"Super Express": - Przed czempionatem deklarował pan, że cztery medale będą oznaczać bardzo dobry występ.
Jerzy Skucha: - Z lekka się asekurowałem. Wiedziałem, że szans mamy na więcej. Na przykład myślałem, że z trzech tyczkarzy któryś będzie miał swój dzień. Miało go aż dwóch. Tylko jedna z szans się nie sprawdziła: Kamili Lićwinko w skoku wzwyż. Ale było blisko.
Polska lekkoatletyka na rok przed Rio
- Nie wyszło aby ponad stan?
- Ponad stan byliśmy w czempionacie 2009 w Berlinie. Tam było mniej kandydatów do medali, a zdarzyły się superniespodzianki, z wieloboistką Kamilą Chudzik na czele. To tam sprzyjało nam szczęście. A tutaj cała ósemka, która zdobyła medale, to byli potencjalni kandydaci do sukcesów. A są jeszcze osoby blisko podium: Kamila Lićwinko, Joasia Jóźwik, Tomasz Majewski.
- Czy ktoś zawiódł?
- Rozczarowaniem jest występ sztafet. Po pierwsze, po raz pierwszy od wielu lat nie startował komplet czterech. Po drugie, jestem przyzwyczajony do finału mężczyzn na 4x400 m, a jeszcze większe szanse na dobry występ miały dziewczyny na 4x400 m. Poprzestańmy na stwierdzeniu, że był to pech upuszczonej pałeczki.
- Potrafi pan wyobrazić sobie taką liczbę medali w Rio?

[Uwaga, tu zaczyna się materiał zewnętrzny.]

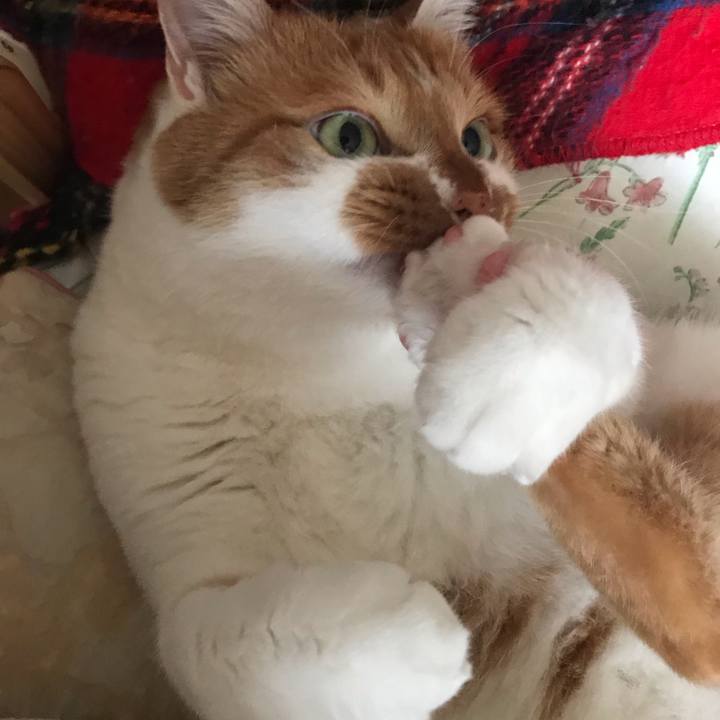 3d6010a3 4574 4ddf b810 726cd44f70c3 1553753852416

- Wyobraźnię mam na tyle wielką, że potrafię. Ale będzie to bardzo trudne. Z reguły nie jest tak, że medale z mistrzostw świata w roku przedolimpijskim przekładają się na podium w igrzyskach. To przykład polskich kajakarzy. Nie chciałbym, żebyśmy brali z nich wzór. I nie widzę powodów, żeby Anita Włodarczyk, Paweł Fajdek czy "Machałek|" nie zdobyli jakichkolwiek medali. A pozostali niech także o nie walczą. Chciałbym, żeby to grono pozostało tak szerokie do przyszłego roku, ponad dziesięć osób. A wtedy igrzyska w Rio będą udane. Nie mówię, że ma być osiem medali. Cztery byłyby bardzo dobrym wynikiem. Tak samo jak tutaj. Przede wszystkim w rzutach.
- Kto może stać się olimpijskim dżokerem?
- Może zaskoczę, ale Tomek Majewski. Jest już znowu blisko czołówki i jeżeli wystarczy mu motywacji, może takim zostać. A jeżeli dokonamy rewolucji trenerskiej w chodzie, to może też Łukasz Nowak, który od wielu lat jest kandydatem na olimpijski medal na 50 km. Nie chcę natomiast mówić o dwudziestolatkach, żeby nie uwierzyli za wcześnie.